TASK: Write out all of the listing exactly. Add nothing to it.

━━ COLLECTED MATERIAL ━━

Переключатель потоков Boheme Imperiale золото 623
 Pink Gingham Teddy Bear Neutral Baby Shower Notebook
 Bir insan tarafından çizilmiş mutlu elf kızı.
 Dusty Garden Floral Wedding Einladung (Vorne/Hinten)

━━━

SOLUTION TO THE EXERCISE:
Переключатель потоков Boheme Imperiale золото 623
 Pink Gingham Teddy Bear Neutral Baby Shower Notebook
 Bir insan tarafından çizilmiş mutlu elf kızı.
 Dusty Garden Floral Wedding Einladung (Vorne/Hinten)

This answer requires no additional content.